Geekscape Picks the Best & Worst in Geek Culture 2009!

Geek culture began simply enough in a school, or playground somewhere, in which two young lads – or lasses – cavorted up to each other and struck up a conversation. It began something like this: “Who would win in a fight…?”

And so it was that our geek culture was formed. 

Here’s what we loved – and hated – in 2009!!!

——- WILLIAM BIBBIANI ——-

BEST GEEK MOMENT OF 2009

1. Academy Award Winner Roger Corman

Academy Award Winner Roger Corman

Sometimes it seemed like Hollywood was a little ashamed of Roger Corman. The man alternated between directing quality entertainment (The Pit and the Pendulum) to real stinkburgers (It Conquered the Earth, perhaps the first movie with a spoiler for a title), but used his financial success to give inexperienced directors their first big break (Martin Scorsese, James Cameron and Joe Dante, to name but a few) and import classier foreign films – like The Ingmar Bergman’s Cries & Whispers – to America for the first time.

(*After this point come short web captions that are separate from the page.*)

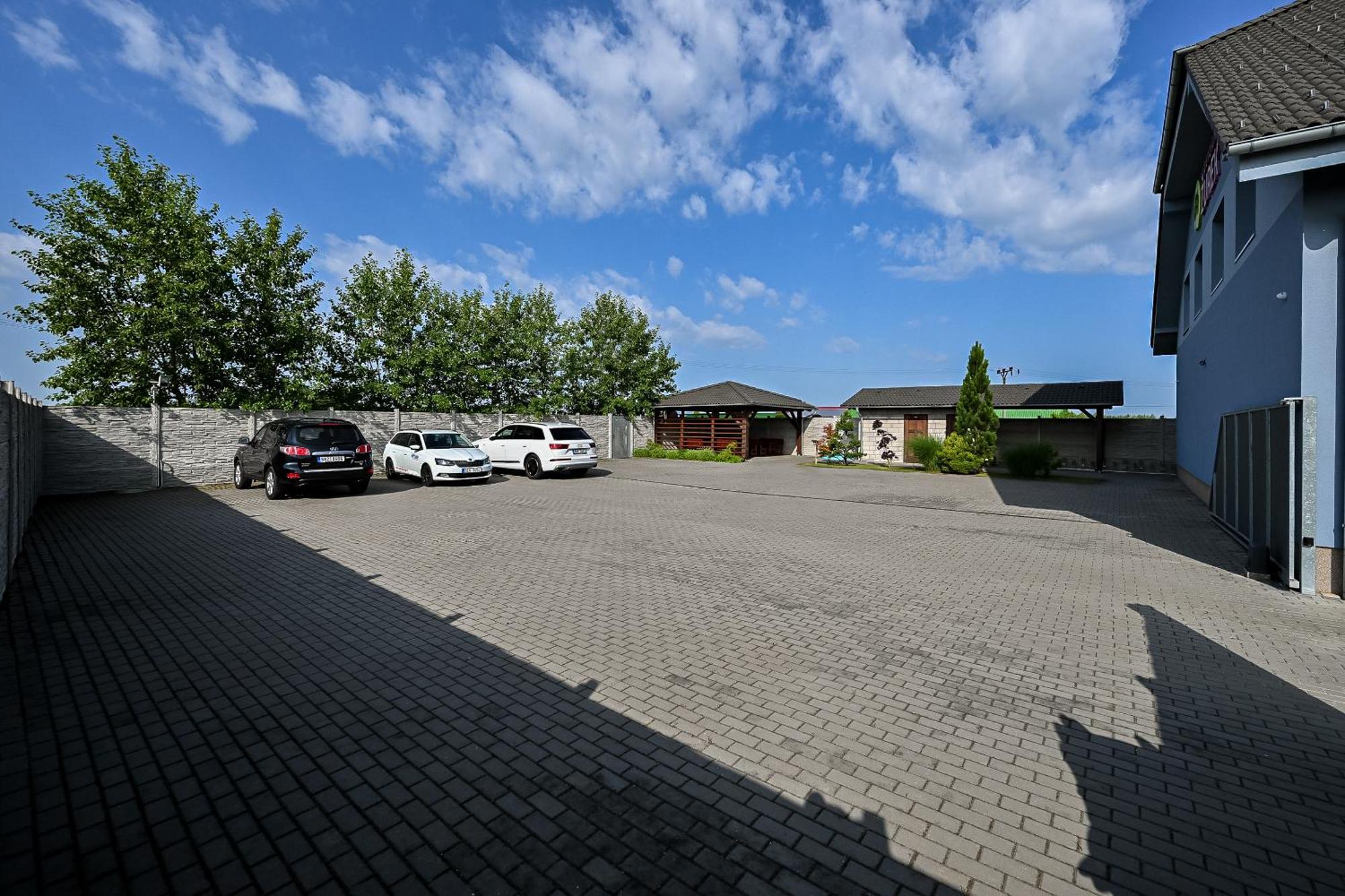Penzion Zurek Velke Bilovice Exterior photo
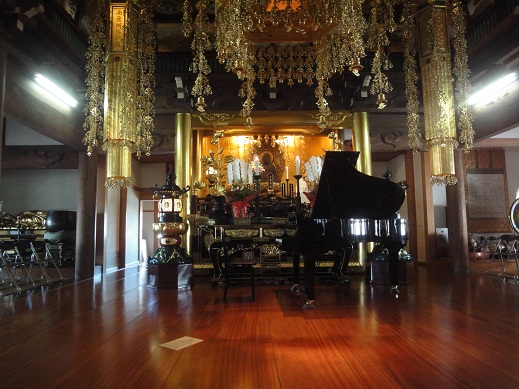 お寺の本堂で演奏会！_b0124462_531473.jpg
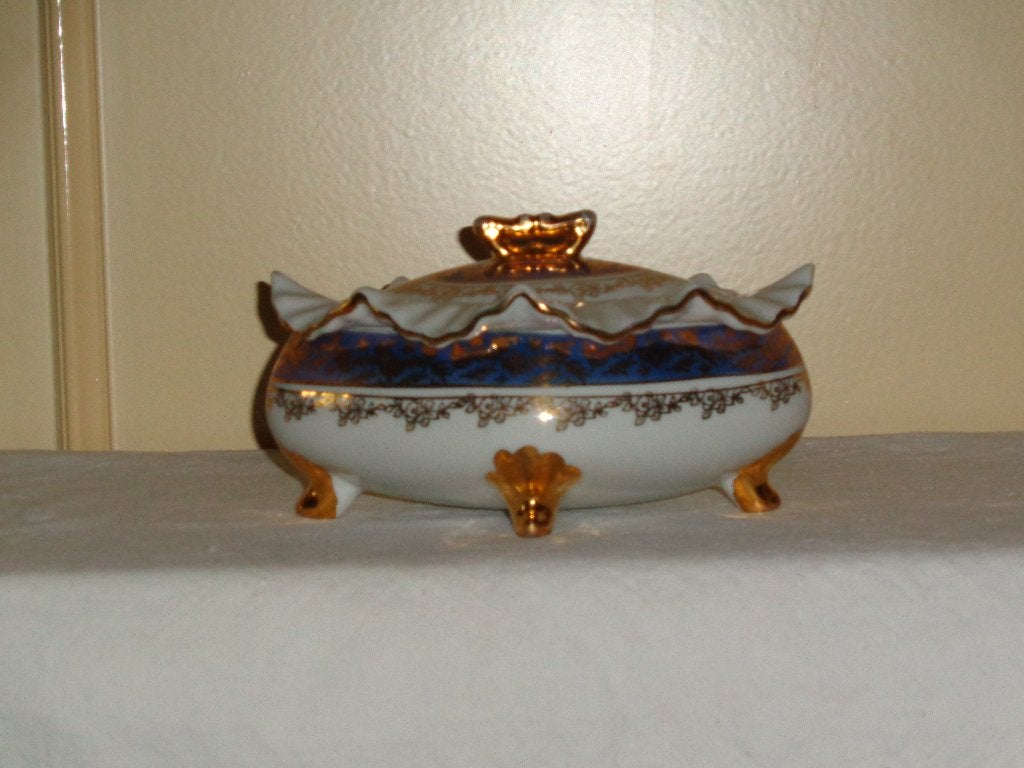 Boîtes à bonbons en porcelaine Jugoporcelan Titov, Enlèvement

He earned this Lifetime Achievement Award years ago, but finally got it in 2009, giving geeks not just a reason to rejoice, but a reason to be proud.

2. Wrastling with Ted Raimi

Wrastling Ted Raimi

A personal choice, as due to a technical snafu very few have been able to enjoy it with me, but this last summer I interviewed one of my idols, Ted Raimi, and it was a blast. The man was funny, but didn’t sacrifice intelligent answers for the sake of a quick gag. We talked about his career, his work ethic, even his relationship with his father, and ended the interview by wrestling each other. Best. Interview. Ever.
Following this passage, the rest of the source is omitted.